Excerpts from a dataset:
++++++++++

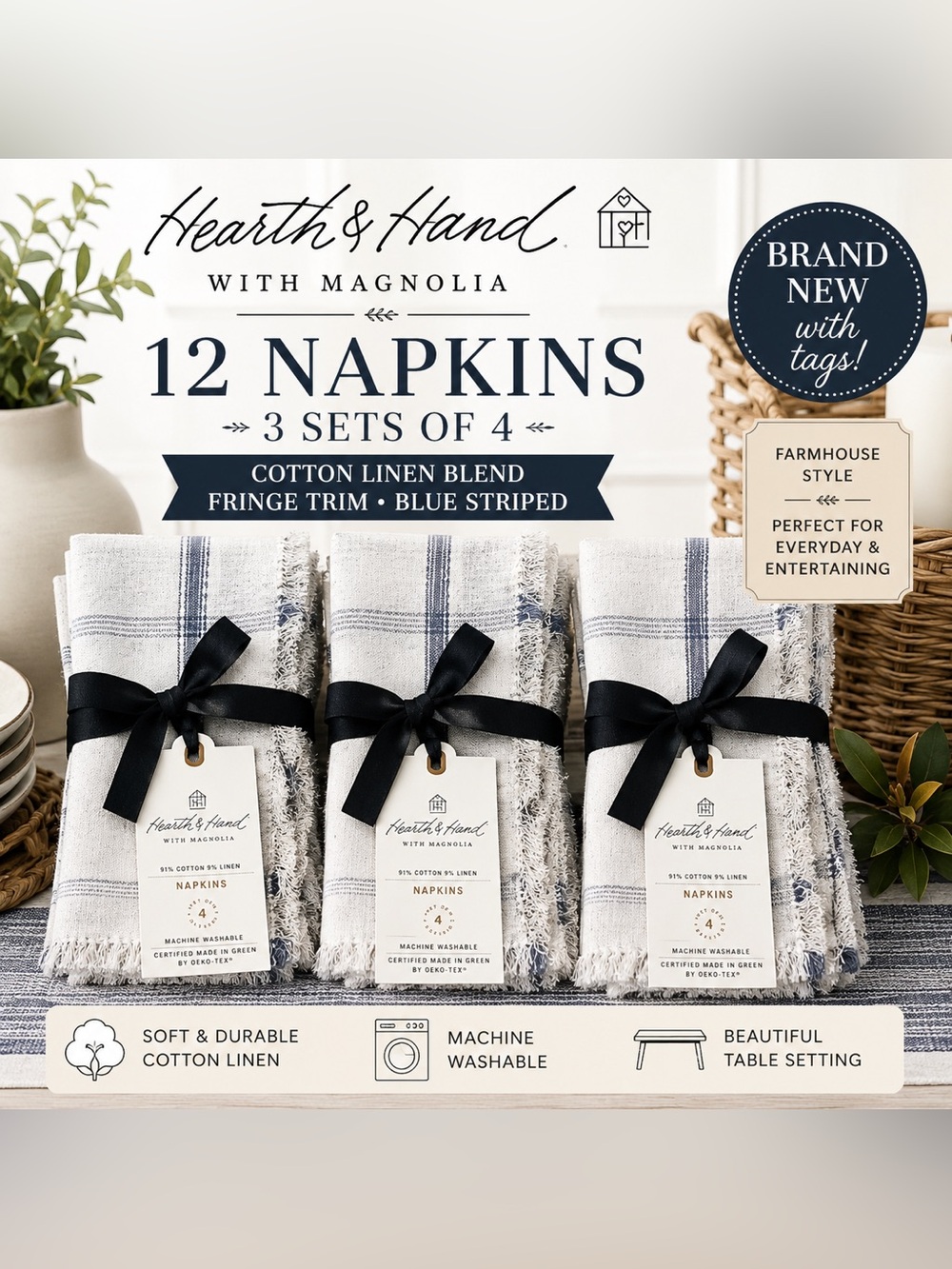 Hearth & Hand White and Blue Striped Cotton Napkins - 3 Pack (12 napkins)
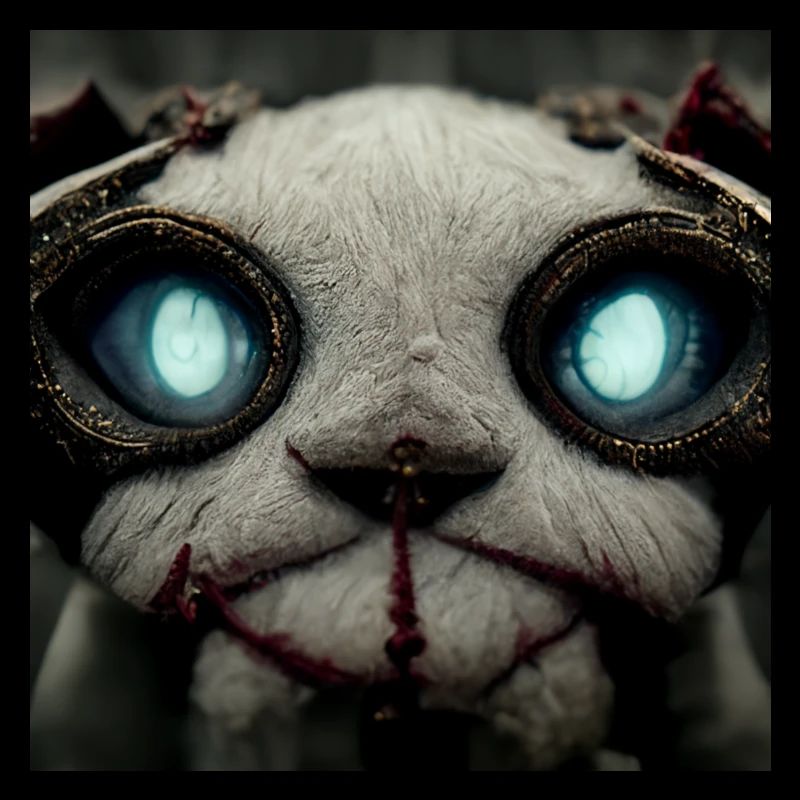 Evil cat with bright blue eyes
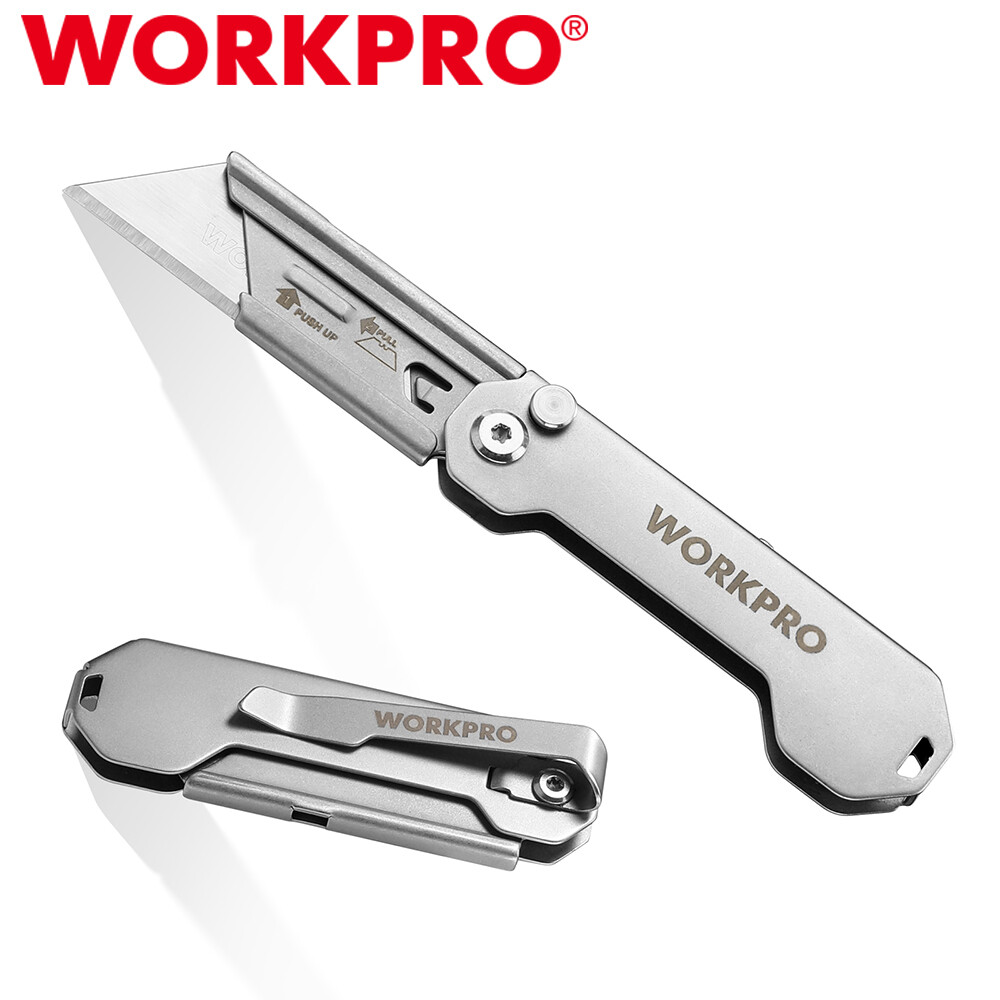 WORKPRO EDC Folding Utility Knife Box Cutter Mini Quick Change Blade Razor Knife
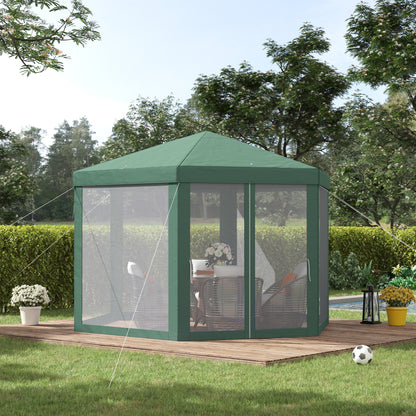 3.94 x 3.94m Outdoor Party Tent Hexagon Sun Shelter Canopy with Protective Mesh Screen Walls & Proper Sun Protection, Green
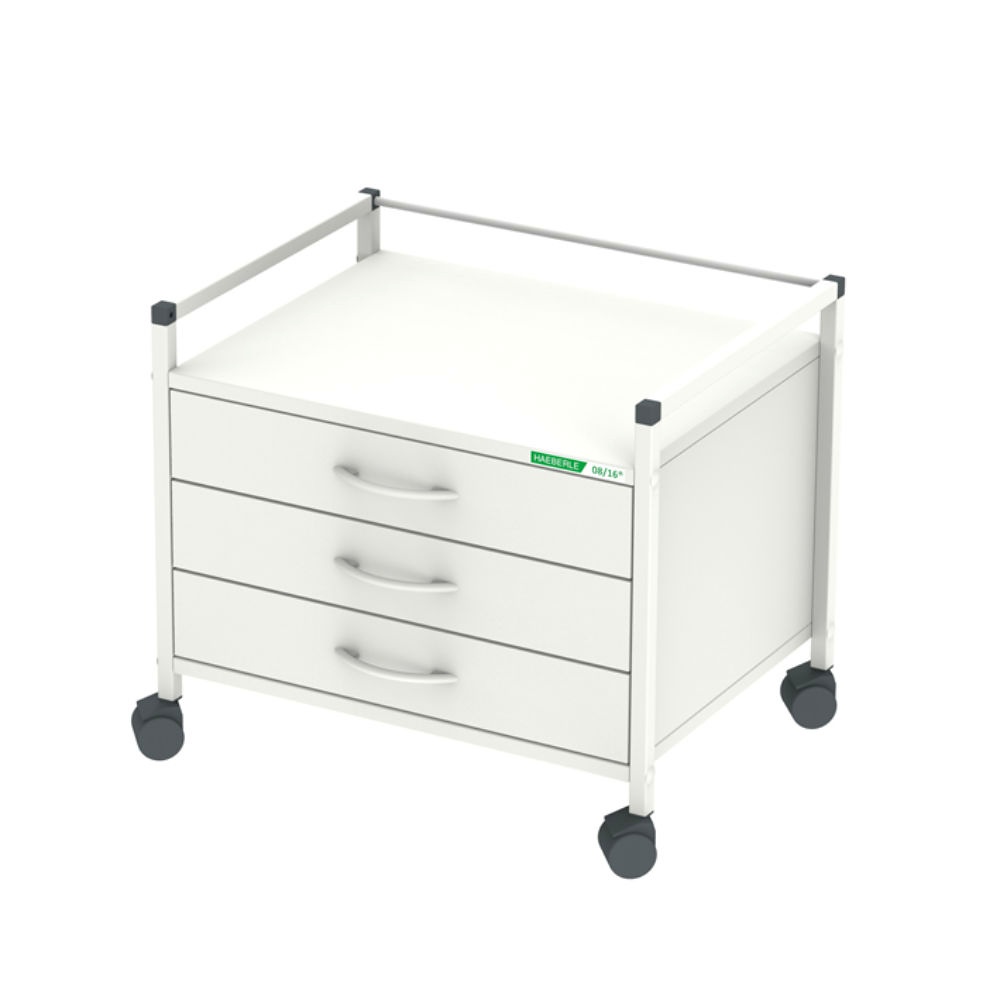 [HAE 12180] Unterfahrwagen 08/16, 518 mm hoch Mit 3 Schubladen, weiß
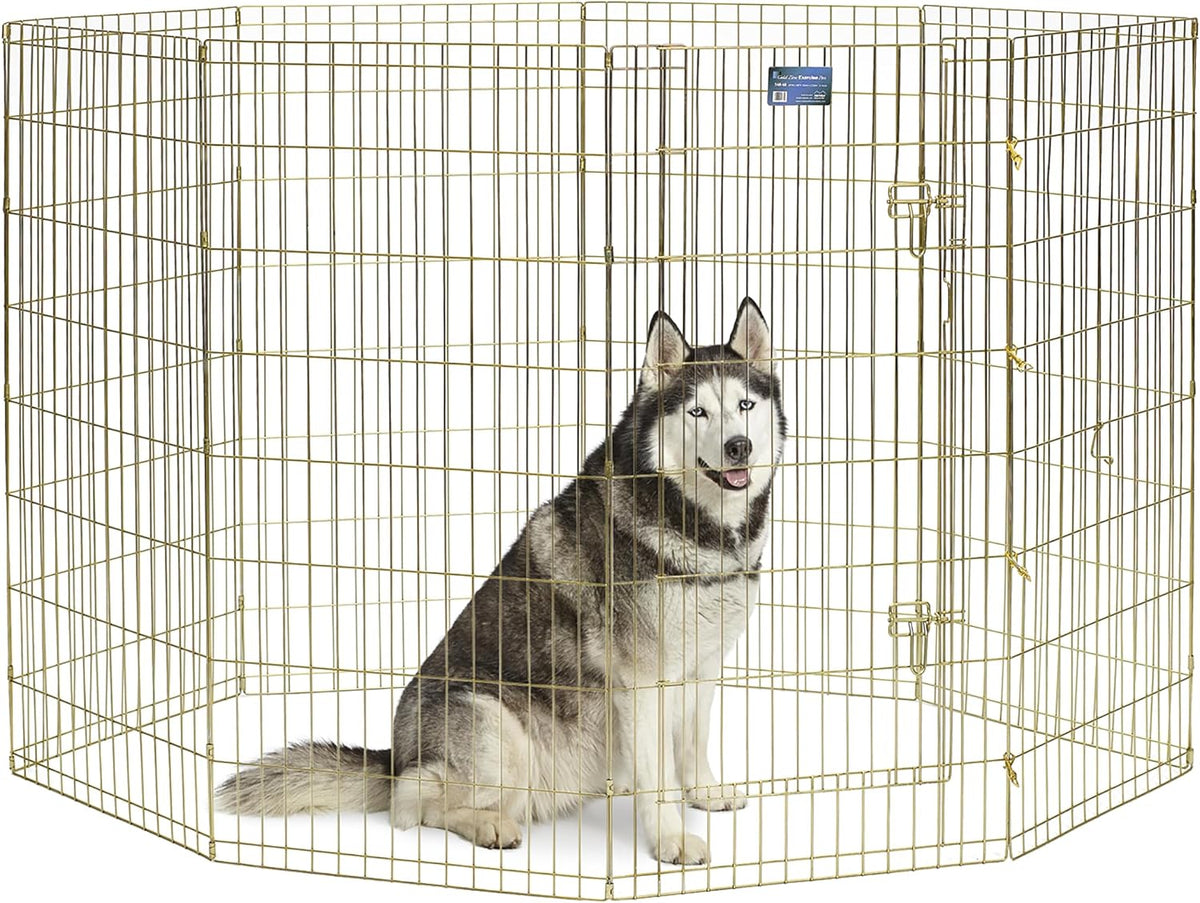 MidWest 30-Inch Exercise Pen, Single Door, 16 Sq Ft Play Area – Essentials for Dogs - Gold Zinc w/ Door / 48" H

++++++++++

Activity:
Would you output each entry exactly and leave the pictures behind?

Expected answer:
 Hearth & Hand White and Blue Striped Cotton Napkins - 3 Pack (12 napkins)
 Evil cat with bright blue eyes
 WORKPRO EDC Folding Utility Knife Box Cutter Mini Quick Change Blade Razor Knife
 3.94 x 3.94m Outdoor Party Tent Hexagon Sun Shelter Canopy with Protective Mesh Screen Walls & Proper Sun Protection, Green
 [HAE 12180] Unterfahrwagen 08/16, 518 mm hoch Mit 3 Schubladen, weiß
 MidWest 30-Inch Exercise Pen, Single Door, 16 Sq Ft Play Area – Essentials for Dogs - Gold Zinc w/ Door / 48" H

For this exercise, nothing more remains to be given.